First, let’s start with the image. Just the esoteric feeling of sampling and quantizing, and the “vertical slice” and “horizontal slice” of the signals first. Think of it like cutting a radish. First of all, I’ll cut it vertically with a kitchen knife. You can make a lot of cuts, but they were originally continuous. The solid curve is the analog voice, and the first thing to do when digitizing it is the “vertical slice” = “sample” image.

Next is the quantification work. Even if the cut is a cut, it is quantified to “cross” the kitchen knife on its side. Then the radish will be divided into small squares. Did you imagine that the finer the square, the closer it is to the original analog signal?

The CD format is the rule of how fine the radish is cut (analog signal). “The sampling frequency is 44.1 kHz and the number of quantization bits is 16 bits” means that the first sampling is done at a rate of 44,100 times per second, and then the level is read with an accuracy of 16 bits (2 to power step 16). . Sampling is also called sampling, but in the first place, sampling is the norm, and without sampling, the quantification work cannot be done.

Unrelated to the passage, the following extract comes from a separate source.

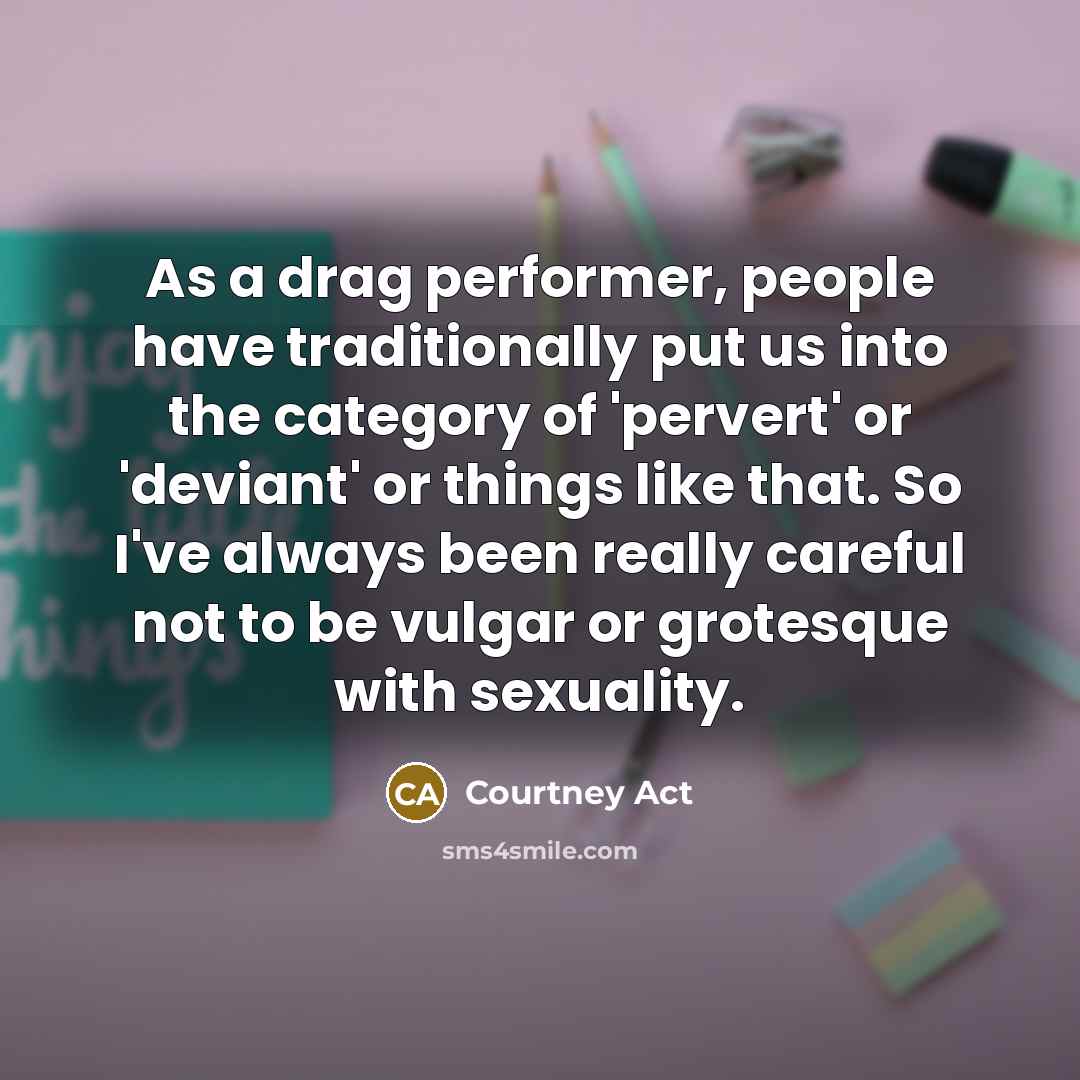 “As a drag performer, people have traditionally put us into…” quote by Courtney Act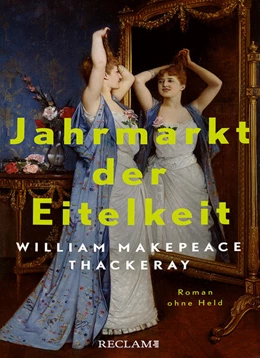 Abbildung von Thackeray | Jahrmarkt der Eitelkeit. Roman ohne Held | William Thackerays vergnügliche Charakterstudie neu und zeitgemäß übersetzt | 1. Auflage | 2023 | beck-shop.de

What is the so-called bit rate?

What is the so-called bit rate?

BitRate

A value indicating how many bits of information are processed or sent / received per unit of time.

AUDIO COMPRESSION

Also called transfer fee. The amount of information in one second of audio data and video data is expressed in “bits per second” (bps: bits per second). Usually used in conjunction with “k (kilo)” which represents a unit of thousand or “M (mega)” which represents one million units because the number of digits increases and is expressed as “kbps” or “Mbps” . (1 kbps is 1000 bps, 1 Mbps is 1 million bps). It is often used in the audiovisual (AV) genre, and in the case of audio and image data, the higher the value, the more detailed the information, and the better the sound quality and picture quality. The standard bit rate for MP3, one of the audio compression formats, is 128 kilobits per second (kbps), which compresses uncompressed WAV files (approximately 1400 kbps) with CD sound quality to approximately one-tenth of the amount of information. what are you doing. The video bit rate is higher due to the large amount of information, and the high definition terrestrial digital transmission is about 18 megabits per second (Mbps), and the BS high definition digital transmission is about 24 Mbps. Also There is a unit that expresses the transfer speed, “bytes per second” (Bps or B / s), which is a reference value that expresses the number of bytes per second. Since 1 byte is 8 bits, Bps can be calculated by dividing bps by 8.

Bit rate

It is the data communication speed, which is the amount of data that can be sent and received in a certain period of time. The unit is “bps”, which is short for “bits per second”. It is also used to refer to the amount of data used to express one second of video or audio when compressing video or audio. The greater the amount of data (= lower the compression rate), the more faithful it will be to the original, but a high-speed communication line is required.
On the other hand, as the amount of data is reduced (= the compression rate is higher), the image quality and sound quality deteriorate, but transmission is possible even in an environment where the communication speed is slow .
⇨  bps, transmission.

Processed per unit of time, or the transfer is a bit number. It is generally expressed as a number per second and uses bps as the unit. In a computer network, it is represented by a physical quantity as a communication speed, and in data transfer with a peripheral circuit or device within a computer, it is represented by a physical quantity as a transfer speed. It is also used as a unit to express the amount of information per second when compressing audio and video data, and if this value is the same, the higher the value, the higher the sound quality and picture quality. ◇ Also called “bit rate”, “bit efficiency” and “bit rate”.